Women leaders. Diversity in worship. Babies in strollers and toddlers in arms. Faithful friends. New relationships. Creative initiatives. All of these are impressions that I brought back from the 2014 Cooperative Baptist Fellowship General Assembly in Atlanta. The Fellowship continues to be an organization in flux or, as Executive Coordinator Suzii Paynter calls it, a “denominetwork” being born. The most significant impression from my perspective, however, comes under the general topic of leadership.
First, Suzii Paynter is clearly an effective leader. Only a person with integrity, ability and political savvy can lead an organization like CBF, no matter how we choose to label it. Paynter seemed to move effortlessly among the various meetings of the Assembly, serving as a cheerleader, encourager, and advocate for the Fellowship way of doing things. I continue to be impressed with her presence and her commitment to keeping this unusual collection of Baptists working together and moving forward.

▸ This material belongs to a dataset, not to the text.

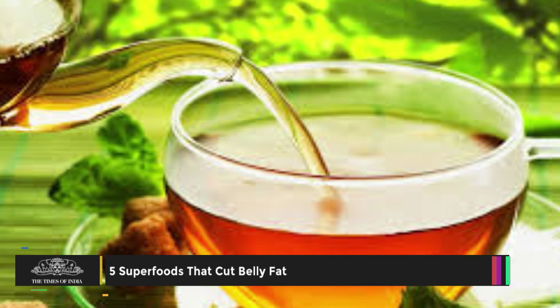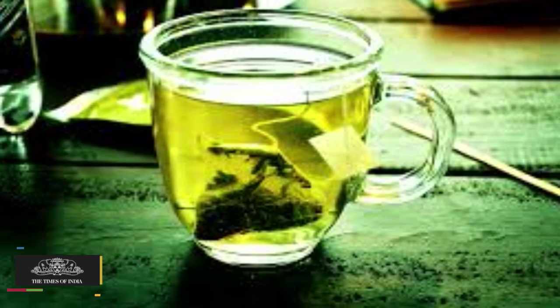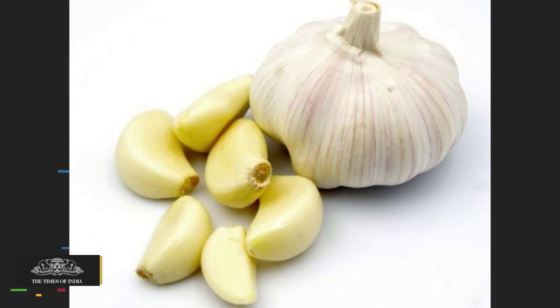Green Tea. This mild beverage is great for helping shrink your waistline as well as for decreasing inflammation. The flavonoids in this tea have natural anti-inflammatory properties.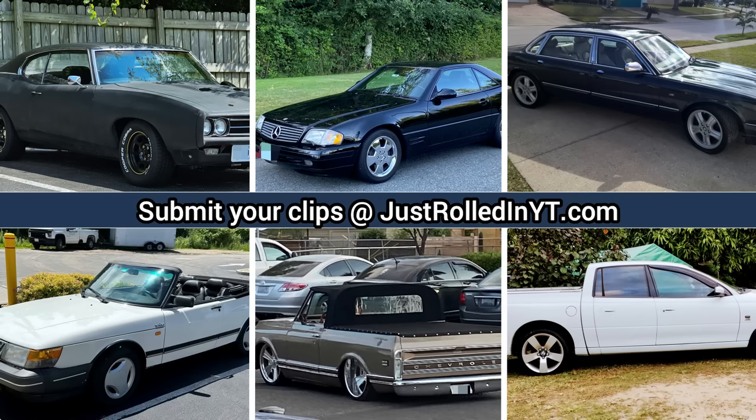You can submit clips that you personally took on our website at justrolledinyt.com. Thanks for watching, and please consider leaving a like or subscribing if you haven't already.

Second, elected leadership of the Fellowship are quality people. Bill McConnell, a layman from Knoxville, Tenn., and the outgoing moderator, is one of my heroes. He has tirelessly invested himself in the Fellowship during a time of transition, bringing good common sense to the task. He is followed as moderator by Kasey Jones, senior pastor of the National Baptist Memorial Church in Washington, DC. As someone noted this week, she has no connection with the conflict that birthed the Fellowship, so she brings a fresh and unique perspective to the leadership role. This can only be a good thing! Matt Cook, pastor of First Baptist Church, Wilmington, NC, is moderator-elect and one of a younger generation of leaders who has proven himself in CBF circles. He is a good choice as well.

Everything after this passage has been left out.